General (reasoning should be OFF)

curl -sS http://localhost:8801/v1/chat/completions \
-H "Content-Type: application/json" \
-d '{
"model": "auto",
"messages": [
{"role": "system", "content": "You are a helpful assistant."},
{"role": "user", "content": "Who are you?"}
]
}' | jq

Verify routing via response headers The router does not inject routing metadata into the JSON body. Instead, inspect the response headers added by the router:

  • X-Selected-Model
  • X-Semantic-Destination-Endpoint

Example:

curl -i http://localhost:8801/v1/chat/completions \
-H "Content-Type: application/json" \
-d '{
"model": "auto",
"messages": [
{"role": "system", "content": "You are a math teacher."},
{"role": "user", "content": "What is the derivative of f(x) = x^3 + 2x^2 - 5x + 7?"}
]
}'
# In the response headers, look for:
# X-Selected-Model: <your-selected-model>
# X-Semantic-Destination-Endpoint: <address:port>
  1. Run a comprehensive evaluation You can benchmark the router vs a direct vLLM endpoint across categories using the included script.

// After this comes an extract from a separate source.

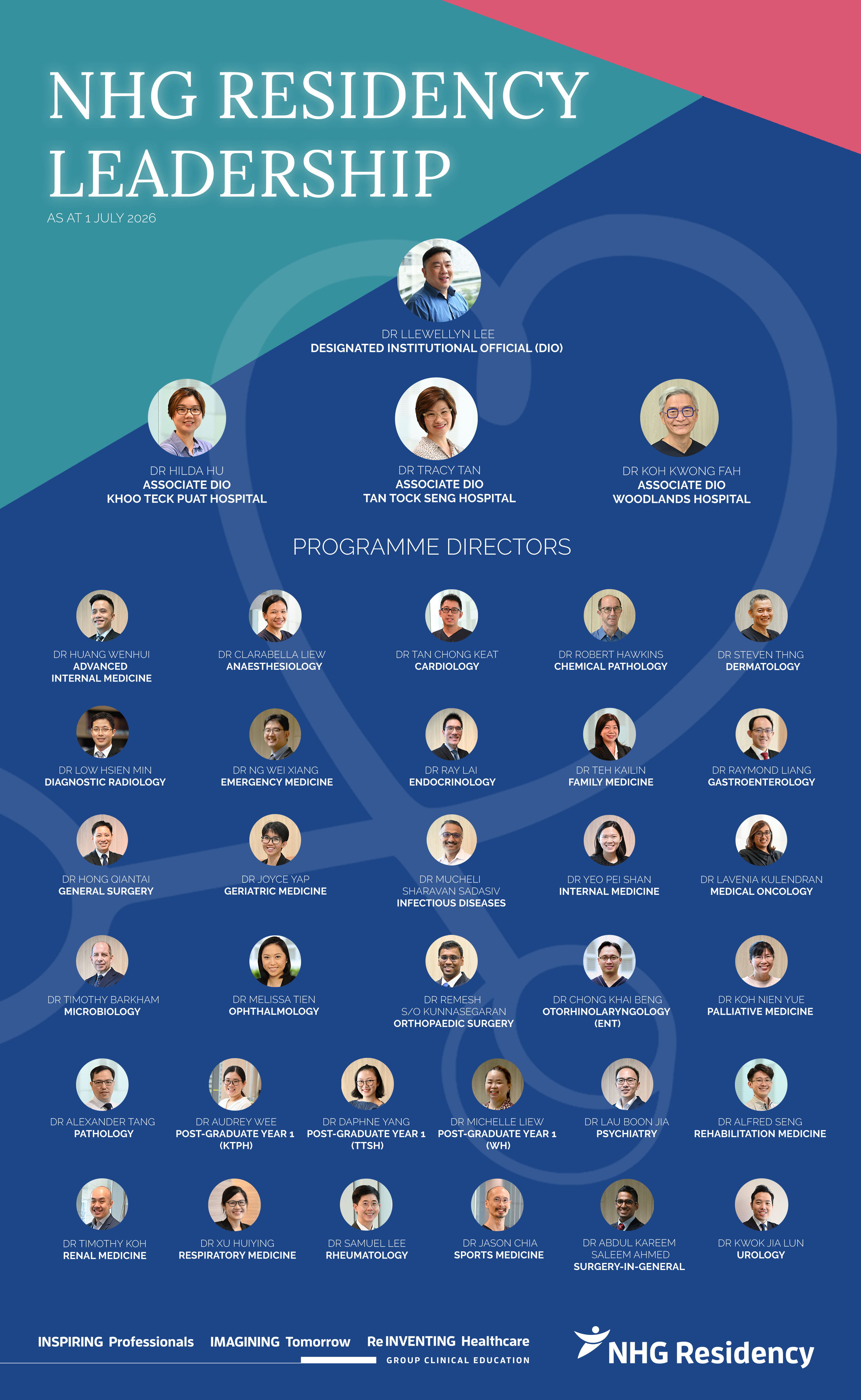 NHG Residency Leadership July 2026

This runs a ReasoningBench based on MMLU-Pro and produces summaries and plots.

Quick start (router + vLLM):

SAMPLES_PER_CATEGORY=25 \
CONCURRENT_REQUESTS=4 \
ROUTER_MODELS="auto" \
VLLM_MODELS="openai/gpt-oss-20b" \
./bench/run_bench.sh

Router-only benchmark:

BENCHMARK_ROUTER_ONLY=true \
SAMPLES_PER_CATEGORY=25 \
CONCURRENT_REQUESTS=4 \
ROUTER_MODELS="auto" \
./bench/run_bench.sh

Direct invocation (advanced):

python bench/router_reason_bench.py \
--run-router \
--router-endpoint http://localhost:8801/v1 \
--router-models auto \
--run-vllm \
--vllm-endpoint http://localhost:8000/v1 \
--vllm-models openai/gpt-oss-20b \
--samples-per-category 25 \
--concurrent-requests 4 \
--output-dir results/reasonbench

Tips

  • If your math request doesn’t enable reasoning, confirm the classifier assigns the "math" category with sufficient confidence (see classifier.category_model.threshold) and that the target model has a reasoning_family.
  • For models without a reasoning_family, the router will not inject reasoning fields even when the category requires reasoning (this is by design to avoid invalid requests).
  • You can override the effort per category via categories.reasoning_effort or set a global default via default_reasoning_effort.
  • Ensure your OpenAI-compatible backend is reachable at the configured vllm_endpoints (address:port). If it’s not running, routing will fail even though the router and Envoy are up.